Parenting Problems… Avoiding Repeated Arguments
We keep having the same arguments with our kids over and over again… And with parenting, repeated arguments are the worst. Why? Why? Why?
Although, even if the daily fight (about mealtime, bedtime, bath, or screen time) is painful, at least we know how it turns out.
We step onto the dance floor, invite our child to dance, “Time for a bath, okay?” and he does his move, “I hate baths…”
And then, the tantrum.
Your turn: drag him to the tub or talk about it for 10 minutes before giving in.
Same dance every night. It’s exhausting. It’s frustrating.
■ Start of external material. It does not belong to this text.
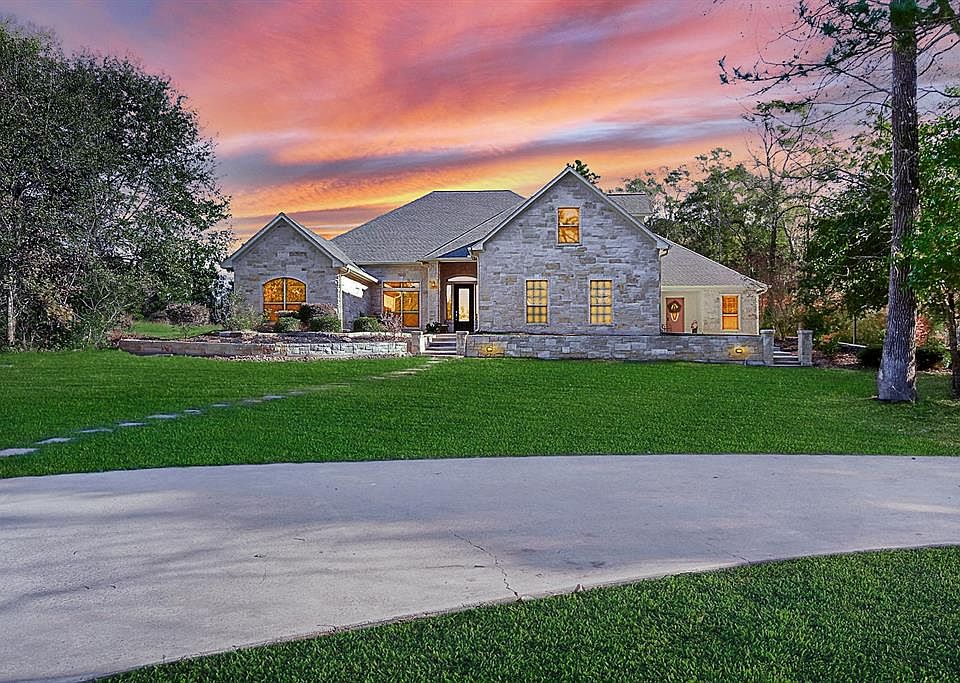 This modern Hill Country home has everything and more...you have to see this one.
It doesn’t have to be this way.
Here are 4 tips fpr staying off the “dance floor” and avoiding repeated arguments…
4 Tips to Avoid Repeated Arguments with Your Kids:
- Focus on your long-term family goal: Your child has a bath every night without a fight.
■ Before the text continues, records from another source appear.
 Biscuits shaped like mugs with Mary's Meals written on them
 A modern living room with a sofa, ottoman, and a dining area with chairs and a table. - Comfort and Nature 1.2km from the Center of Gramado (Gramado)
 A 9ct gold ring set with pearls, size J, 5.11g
- Decide how your child will have some control… Try moving bath time earlier when everyone is less tired or let them set a timer 10 minutes before bath so they tell you when it’s time for the bath, etc.
- Set out exactly what is required at bath time and who will do each task. Tasks may include checking the water temperature, adding more hot or cold water, choosing the bath toys, choosing the facecloth, order of what gets washed, choosing the towel to use afterwards, etc.
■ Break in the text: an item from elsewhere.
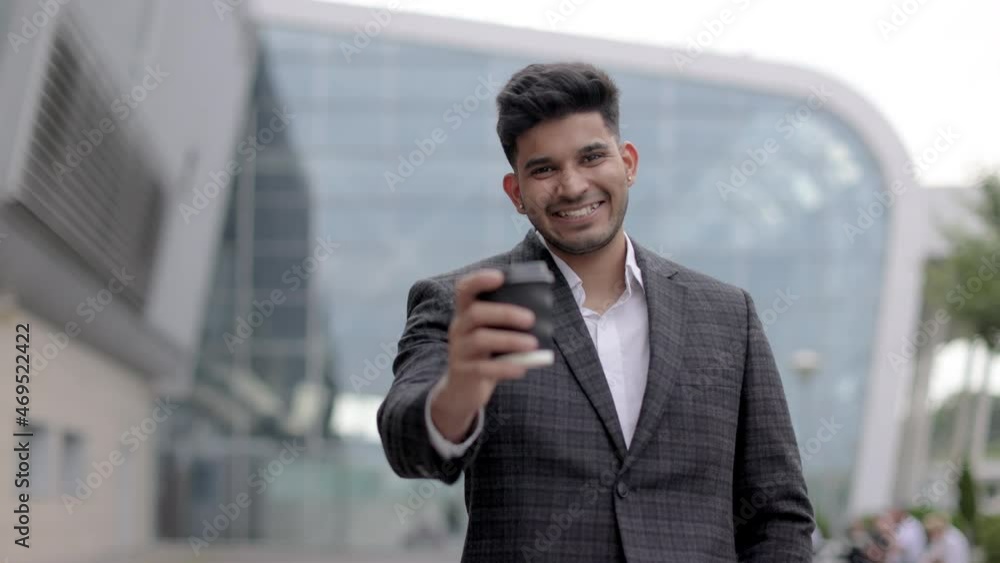 Portrait of handsome smiling Indian man in shirt and jacket, standing outdoors with coffee to go. Successful young Arab businessman, standing outside airport drinking coffee before business trip Portrait of handsome smiling Indian man in shirt and jacket, standing outdoors with coffee to go. Successful young Arab businessman, standing outside airport drinking coffee before business trip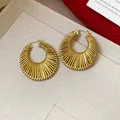 Detailed close-up view of elegant gold textured hollow hoop earrings on a beige fabric - Small / Gold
- Teach your child the new plan at a time nowhere near to bath time, when everyone is relaxed. For kids two and under, talk it through with them, using photos or drawings of the steps and make a book. For kids three and older, involve them in creating the written plan.
In either case, share a new “bathtime script” with your child. Create a new script for how bath time should ideally go. Explain what you will say to cue them and what their lines are too.
So the conversation should look kind of like this:
Child: “The timer means I have to get in the bath and then we can read books after I dry off.”
Or you: “The timer is ringing. What does that does mean?”
The important thing here is to immediately move into the new plan rather than worry if the dialogue has gone exactly as planned. ACT don’t YAK!
It is much easier to respond with respect when we know exactly what is expected, as well as how we will respond when it works and when it doesn’t.